Zdaniem innego ważnego posła Konfederacji, związanego z Nową Nadzieją, nie trwają żadne zakulisowe rozmowy odnośnie ewentualnej koalicji z PiS i w najbliższym czasie na pewno do nich nie dojdzie. Podkreślił, że w ocenie większości polityków ugrupowania obecnie celem Kaczyńskiego jest zmarginalizowanie wszystkich sił po prawej stronie sceny politycznej.
Konfederacja nie chce zostać wchłonięta przez PiS
Jak zaznaczył polityk Konfederacji, nie można wykluczyć żadnej koalicji w przyszłości, ale rozmowa o niej dwa lata przed wyborami parlamentarnymi mija się z celem. W jego ocenie politycy Konfederacji trzeźwo patrzą na ewentualność układania się z PiS-em i nie pozwolą na doprowadzenie do scenariusza wchłonięcia partii, z czym mieliśmy do czynienia w przypadku Porozumienia Jarosława Gowina czy Suwerennej Polski Zbigniewa Ziobry. – Nie damy się na to nabrać – podkreślił.
Z kolei, jak dowiedziała się PAP ze źródeł w PiS, politycy Prawa i Sprawiedliwości mają prowadzić nieoficjalne rozmowy z poszczególnymi politykami Konfederacji ws. ewentualnej współpracy obu ugrupowań. Rozmówca PAP podkreśla, że toczą się „rozmowy kuluarowe, co jest czymś oczywistym”. Jak zaznaczył, zbliżenie obu ugrupowań nastąpiło po wyborach prezydenckich.
Deklaracja to próba pokazania siły przez PiS
Rozmówca z PiS ocenił, że obecnie PiS i Konfederacja „nie są na tyle dogadane, jak Platforma Obywatelska z Trzecią Drogą podczas wyborów” w 2023 r.
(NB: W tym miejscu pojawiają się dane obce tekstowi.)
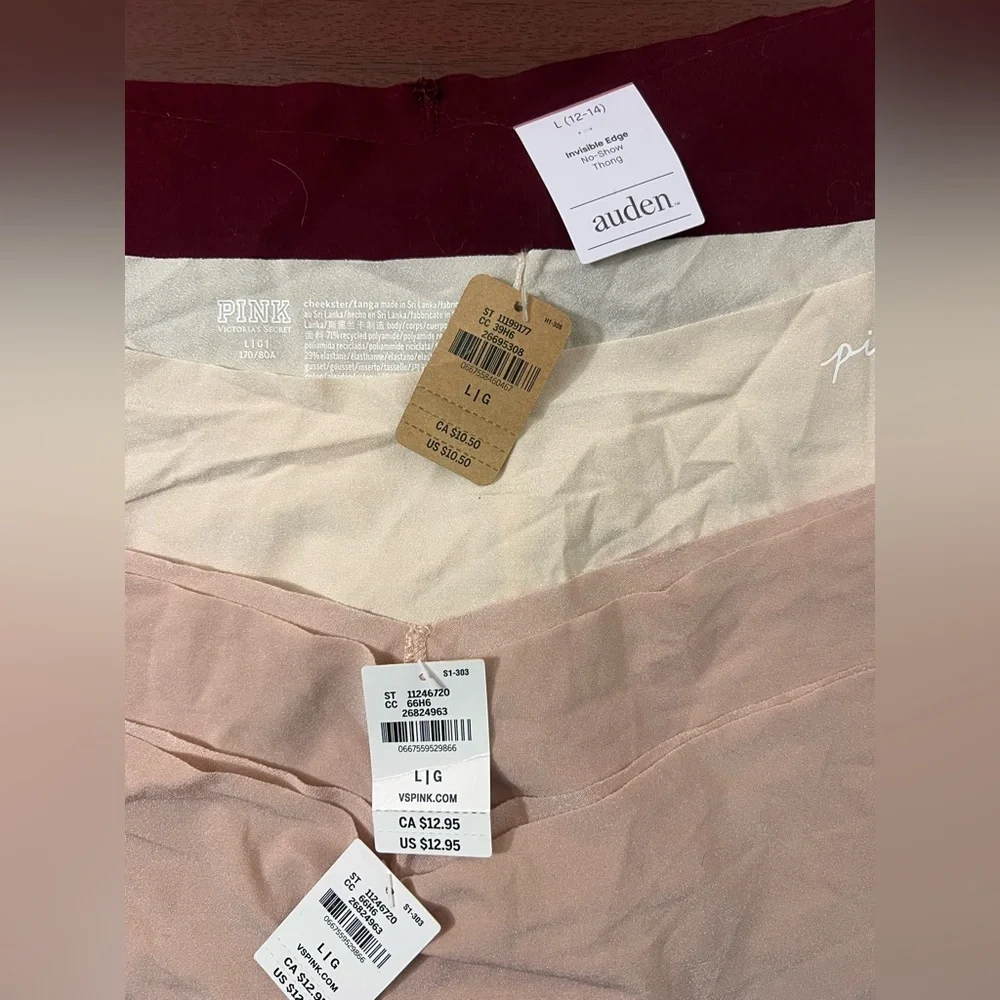 Victoria's Secret 4 Panties Set - Burgundy, Cream, Pink - Picture 2 of 4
Według tego źródła „wielu posłów z Konfederacji mówi wprost, że gdyby część władz Konfederacji była przeciwko koalicji z PiS-em, to oni przejdą na stronę Prawa i Sprawiedliwości”.
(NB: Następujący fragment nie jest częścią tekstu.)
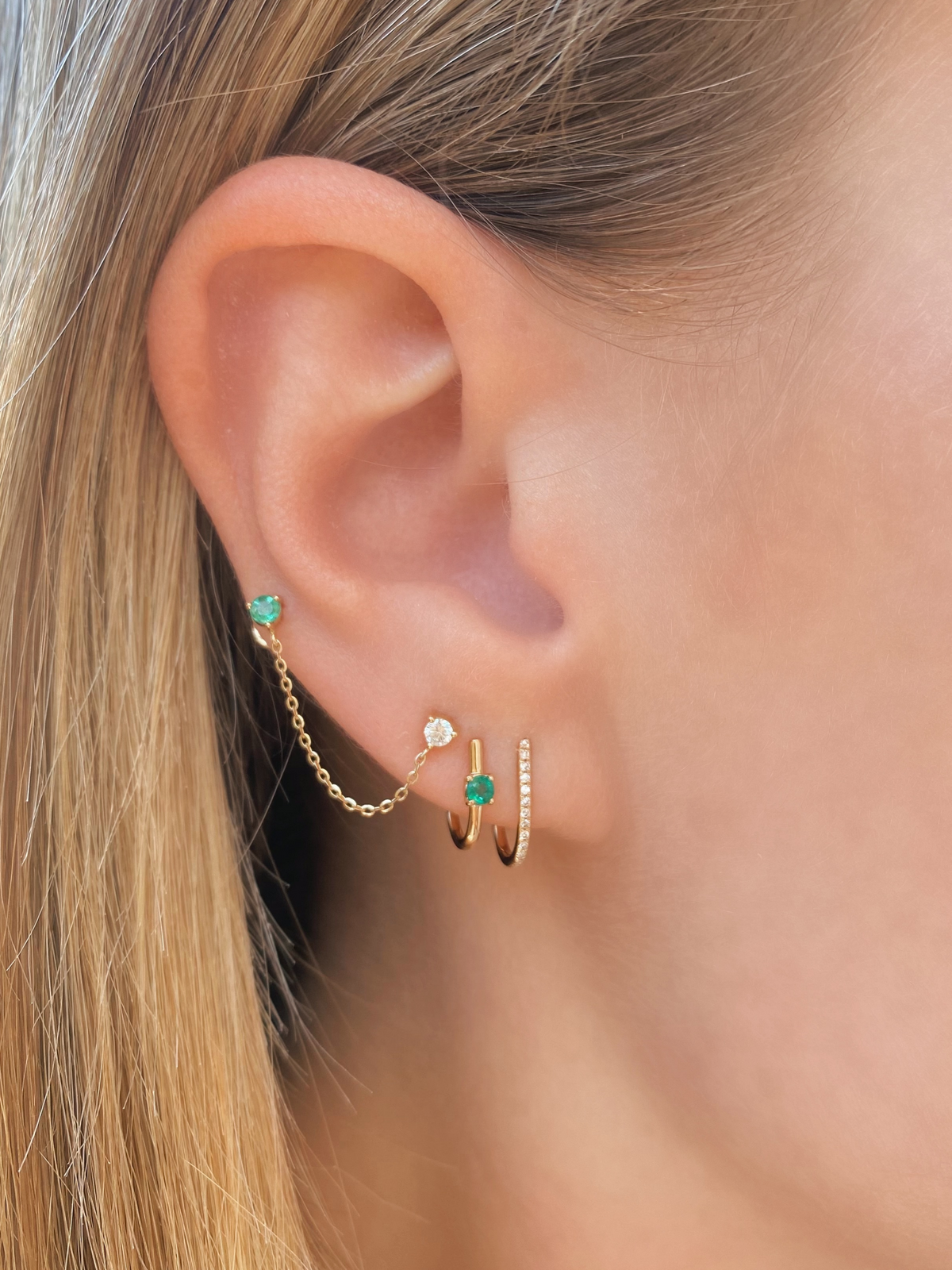 Katie Emerald Double Bar Stud Earring 14K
Polityk PiS zapewniał też, że trwają rozmowy z przedstawicielami PSL czy Polski 2050. – To nie są osoby, które już wskazują, że absolutnie przychodzą (do PiS), ale część polityków młodego pokolenia mówi wprost, że Donald Tusk ciągnie ich trochę w dół – przekazał rozmówca PAP.
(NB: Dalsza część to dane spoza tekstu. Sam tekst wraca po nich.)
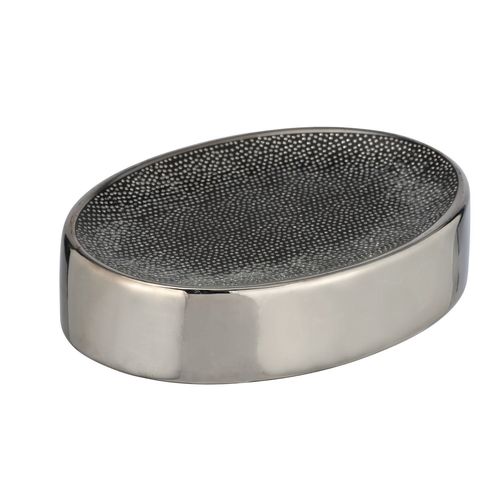 Porte Savon Design Nuria - Argent Et Anthracite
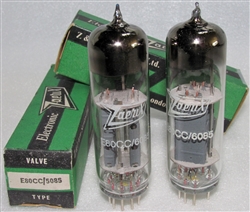 Brand New, MINT NOS NIB Mid 1970s production Tungsram E80CC/6085 Tubes with Zaerix Label. Made in Hungary. Non-corrosive alloy pins. Tungsram made some of the finer tubes in Eastern Europe due to its exposure to subsidiaries in Gt. Britain and Austria.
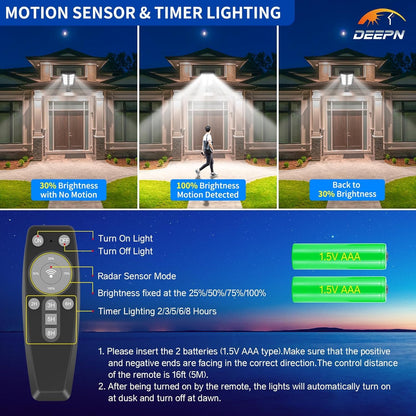 Deepn Solar Lights Outdoor, 7000W Solar Street Lights Outdoor with Motion Sensor, IP66 Waterproof Street Area Security Lights with Remote, Dusk to Dawn Solar Flood Lights for Garage Outside, 3 Pack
– Ta „Deklaracja polska” to próba pokazania, że dziś to PiS rozdaje karty, jednak za 2 lata wszystko może się odwrócić. Kto wie, czy wtedy poparcie dla nas nie będzie wyższe niż dla partii Kaczyńskiego – zaznaczył jeden z polityków Konfederacji w rozmowie z PAP.
Między PiS a Konfederacją trwa wymiana ciosów
Źródło PAP związane z PiS podkreśliło, że należy zadać pytanie, „czy za chwilę politycy Konfederacji nie wykopią tak głębokich rowów, że będzie potem ciężko je zakopać”. Źródło zwróciło uwagę, że obecnie w mediach społecznościowych między politykami PiS a Konfederacji trwa „wymiana ciosów”. „Więc nie wydaje mi się, żeby była jakaś dobra atmosfera do rozmów” – ocenił.
We wtorek lider Nowej Nadziei Sławomir Mentzen opublikował na swoim kanale na YouTube film dot. jego sprzeciwu ws. podpisania tzw. „Deklaracji polskiej”. – Kaczyński do tej pory zniszczył i nie tylko politycznie, ale również fizycznie, psychicznie każdego poprzedniego swojego koalicjanta. To jest polityczny gangster – ocenił polityk Konfederacji.
Film krytycznie skomentowało wielu polityków PiS, na co z kolei również krytycznie zareagowali posłowie Konfederacji. Na platformie X m.in. wiceszef PiS Przemysław Czarnek ocenił, że Mentzen przekroczył „granice nawet niekulturalnej polemiki”. – Nazwanie Jarosława Kaczyńskiego „politycznym gangsterem” i stawianie go na równi z Donaldem Tuskiem dla nas jest nieakceptowalne – podkreślił dla PAP rozmówca związany z PiS.